It's really helped me to know there are others who think like me anyway.
Hey, writing is quite therapeutic! Maybe I'll start a blog!
Jim.

Natasha Tracy
January, 19 2012 at 6:13 am

Hi Jim,
No problem. You don't have to add brilliant insights to comment :)
" I turned myself inside out trying to make it work for me. "
Yeah, that's the trouble. We _do_ turn ourselves inside out trying to make things work that are just never going to. And then we believe there is something wrong with us because of it. But there's nothing wrong with us. We're just not responding in a positive way. Which is OK.
I'm glad I could help and show you you're not alone on this one.
- Natasha

Natasha Tracy
January, 19 2012 at 6:08 am

Hi Amanda,
Thanks for the comment. You're right that self-lies can cause problems for everyone.
I agree about the logical brain.
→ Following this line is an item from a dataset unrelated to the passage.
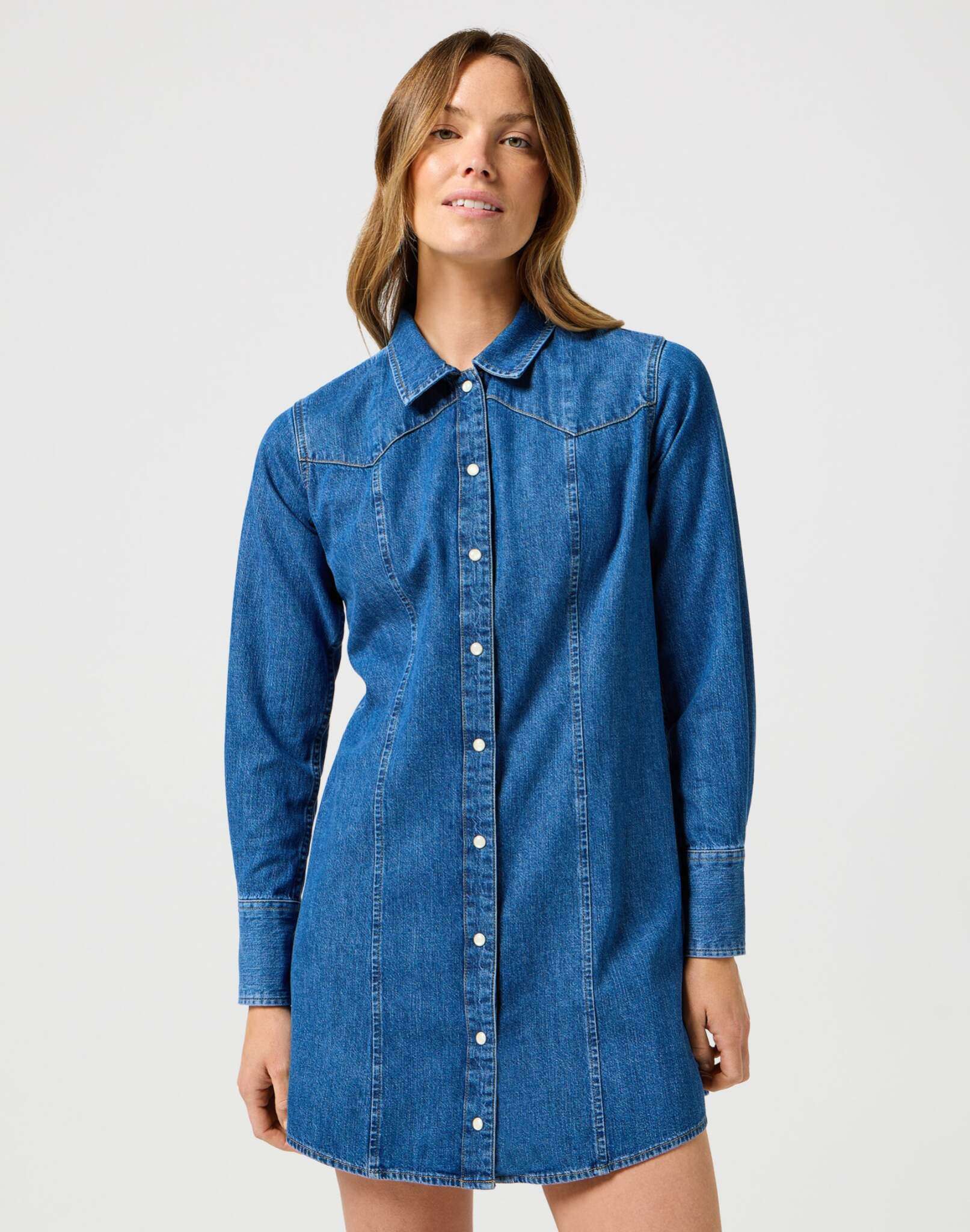 Reg Denim Dress in Petrified Kleider Wrangler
Telling yourselves truths, even if you don't believe them, is important in some cases and it can fight the bipolar brain.
- Natasha

Jim
January, 19 2012 at 5:07 am

Wow. I wish this post was more recent but then Amanda commented yesterday so thought I'd give my thoughts.
I've been thinking exactly the same things recently. I'm not diagnosed as BP yet but a mood stabiliser is helping me (touch wood) so I might 'have' it. Not that this discussion is exclusively relevant to BP sufferers but anyway...
A friend of mine suggested doing that a while ago (the mirror affirmation thing) when I was going through a crisis. Very well meant and it worked for her but of course I turned myself inside out trying to make it work for me. It didn't, and I'm starting to see what does work for me now.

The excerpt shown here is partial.